Aim of the task: Output exactly the lines that run from the start of the records to the line with "2024 Tesla Model Y Long Range", counting both ends, and skip the pictures.

(Saved data entries)
- - -
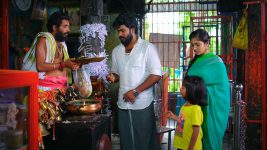 Idhayathai Thirudathey S01E761 18th September 2021 Full Episode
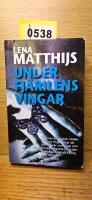 Under fj&auml;rilens vingar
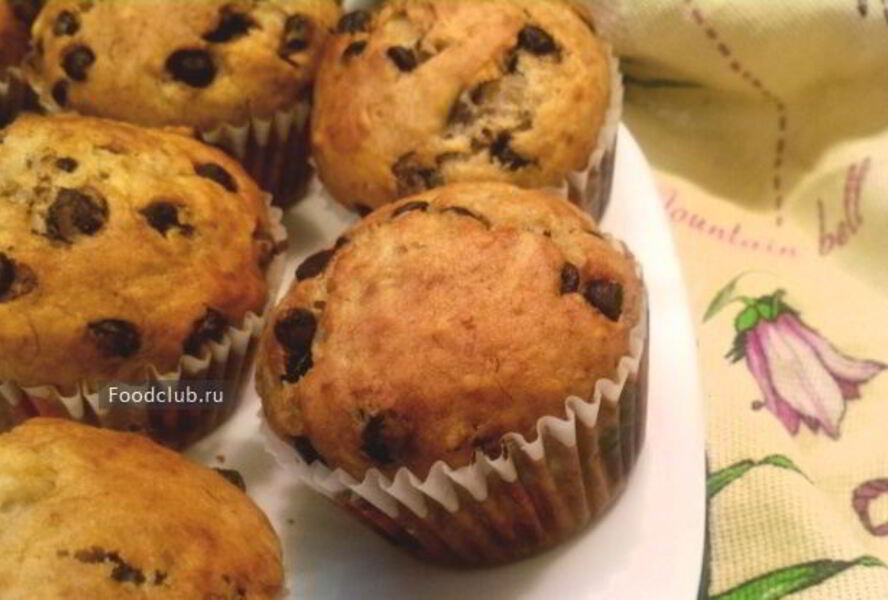 Банановые маффины с шоколадом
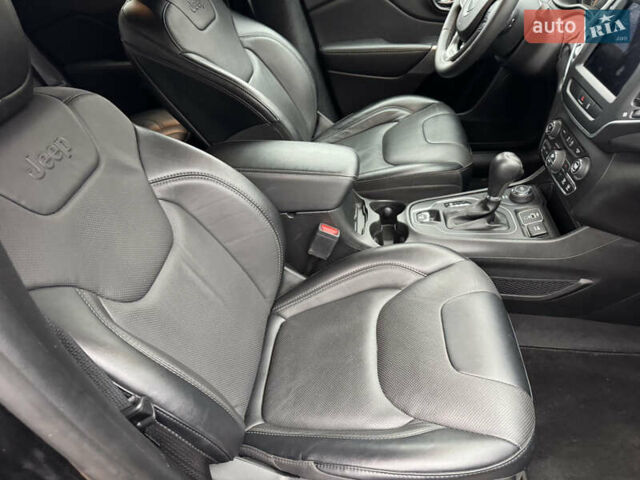 Черный Джип Чероки, объемом двигателя 2 л и пробегом 43 тыс. км за 19999 $, фото 39 на Automoto.ua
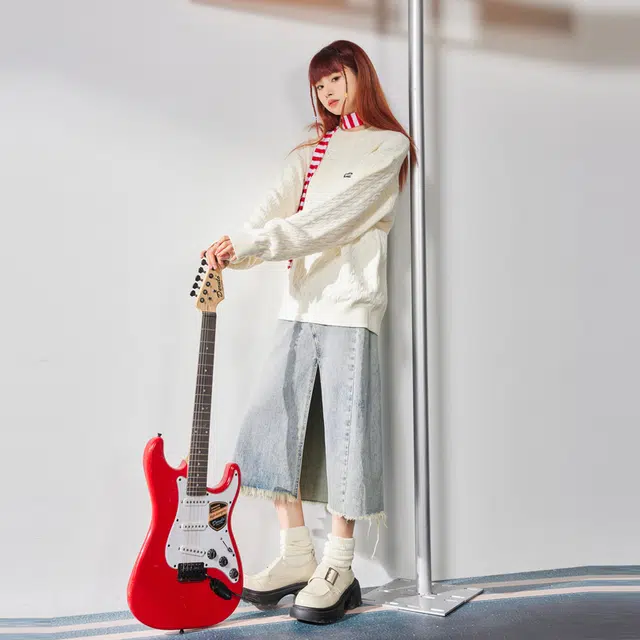 美特斯邦威 细腻绞花花纹纯色毛衣 男女同款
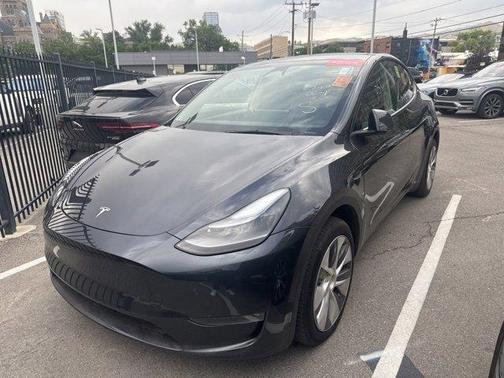 2024 Tesla Model Y Long Range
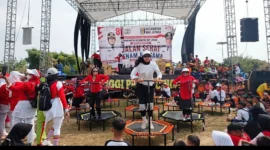 Warga mengikuti aktivitas trampolin yang turut memeriahkan perayaan HUT ke-81 Kemerdekaan RI di Kecamatan Way Jepara, Lampung Timur. Kegiatan tersebut menjadi salah satu hiburan yang menarik perhatian masyarakat. (Foto: Agus S)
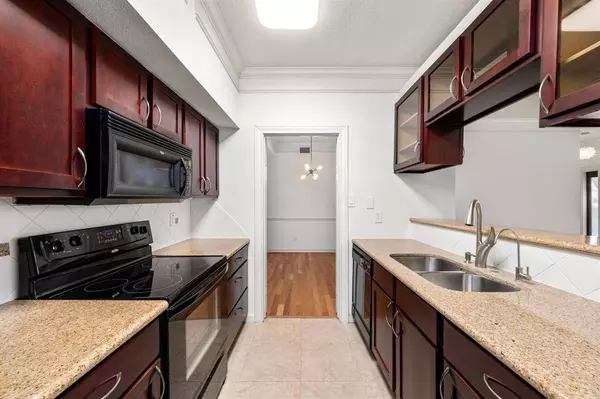 2700 Revere ST #138, Houston, TX 77098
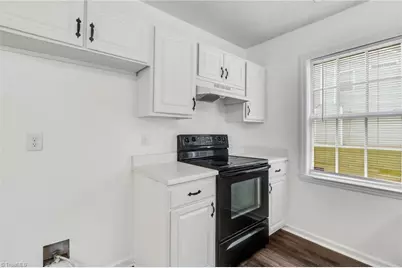 104 Lasalle Way, Greensboro, NC 27406 - Photo 10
- - -
Result of the exercise:
 Idhayathai Thirudathey S01E761 18th September 2021 Full Episode
 Under fj&auml;rilens vingar
 Банановые маффины с шоколадом
 Черный Джип Чероки, объемом двигателя 2 л и пробегом 43 тыс. км за 19999 $, фото 39 на Automoto.ua
 美特斯邦威 细腻绞花花纹纯色毛衣 男女同款
 2024 Tesla Model Y Long Range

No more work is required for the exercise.